EXERCISE REQUIREMENTS -
Take the records below and extract, word for word, the lines from the one containing "Daylesford Dog Hamper>Daylesford" through the final line, inclusive. Omit pictures.

○ ○ ○

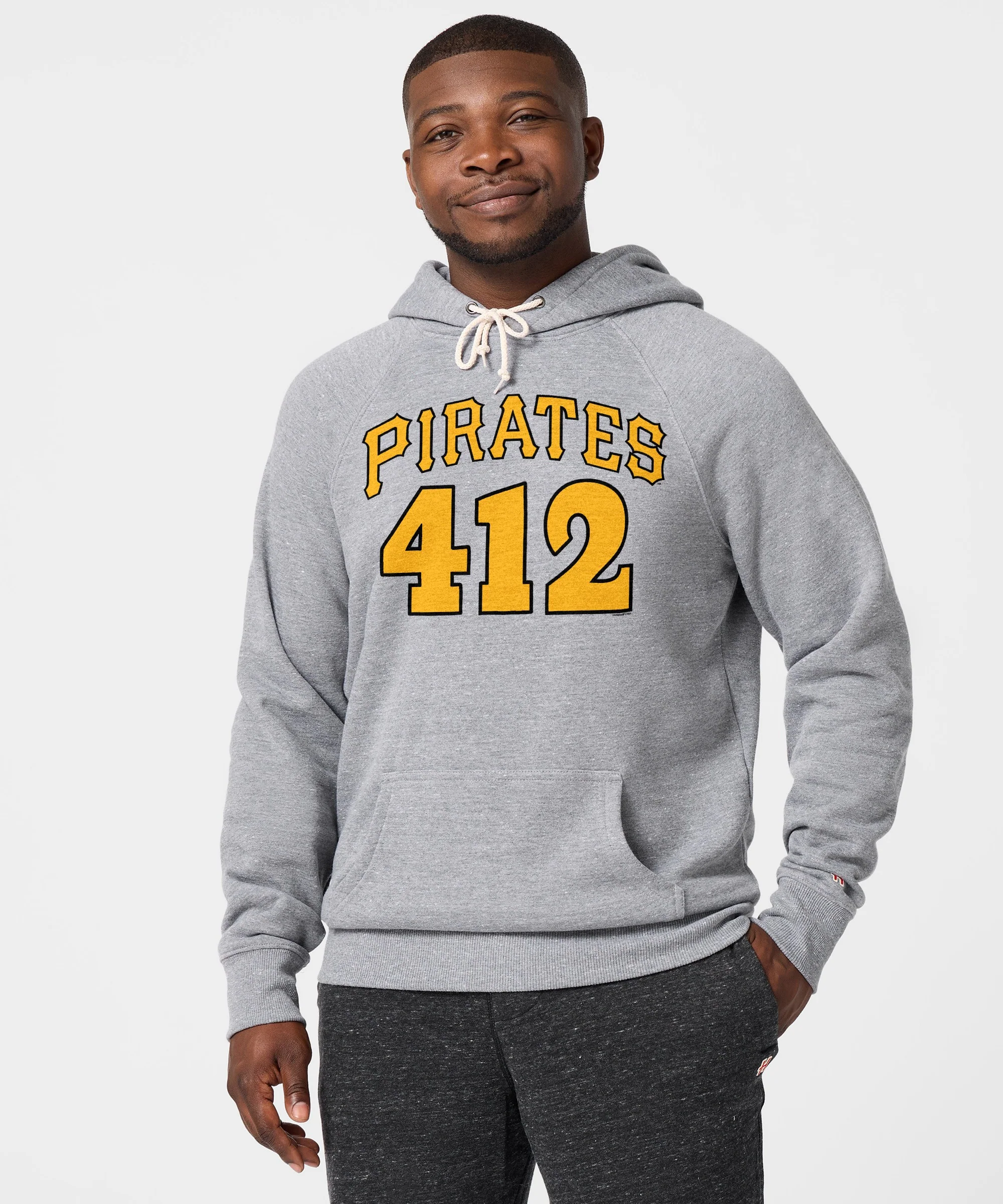 Pirates 412 Hoodie - Image 3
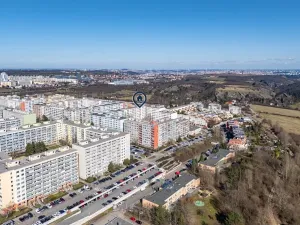 Prodej bytu 3+kk, Praha - Stodůlky, Přecechtělova, 78 m2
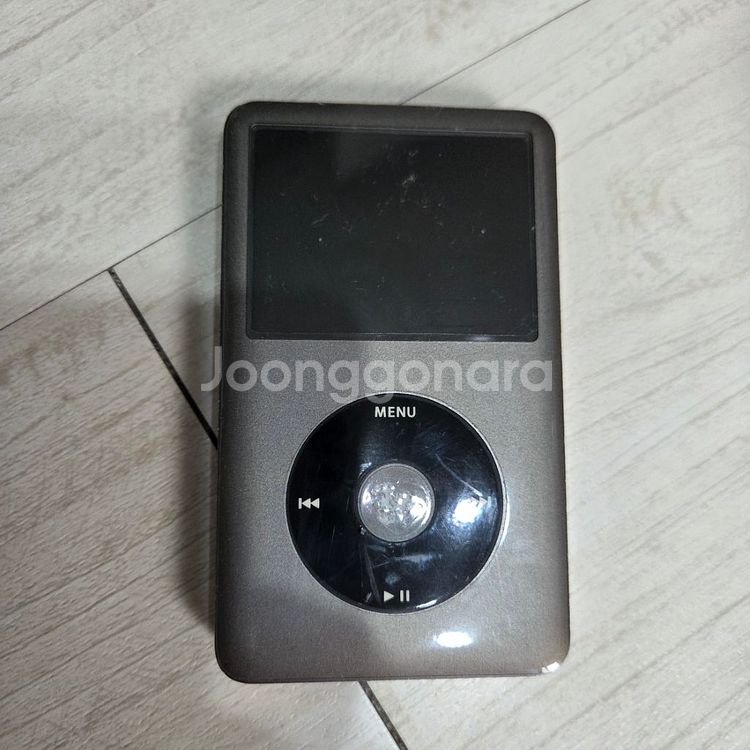 아이팟 클래식 160GB--1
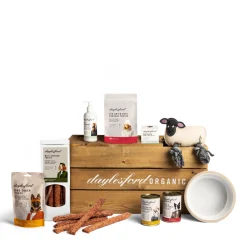 Daylesford Dog Hamper>Daylesford Organic Best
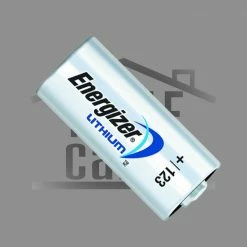 Energizer Lithium EL123 3v Battery New To The Cabin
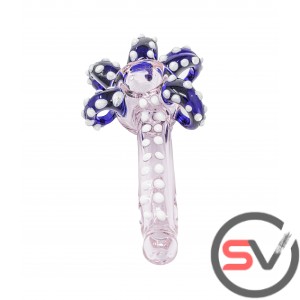 STARFISH TYPE 2 GLASS HANDPIPE 5inch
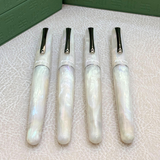Montegrappa Elmo 01 The Four Gentlemen : Enduring Chrysanthemum Special Edition Fountain Pen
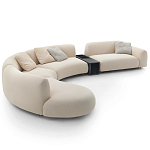 Большой диван для гостиной California Sofa варинант исполнения - 4 | Loft Concept в Перми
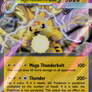 Pokemon Cards Custom - Mega Raichu ex - Fan-Mande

○ ○ ○

ANSWER TO THIS TASK -
 Daylesford Dog Hamper>Daylesford Organic Best
 Energizer Lithium EL123 3v Battery New To The Cabin
 STARFISH TYPE 2 GLASS HANDPIPE 5inch
Montegrappa Elmo 01 The Four Gentlemen : Enduring Chrysanthemum Special Edition Fountain Pen
 Большой диван для гостиной California Sofa варинант исполнения - 4 | Loft Concept в Перми
 Pokemon Cards Custom - Mega Raichu ex - Fan-Mande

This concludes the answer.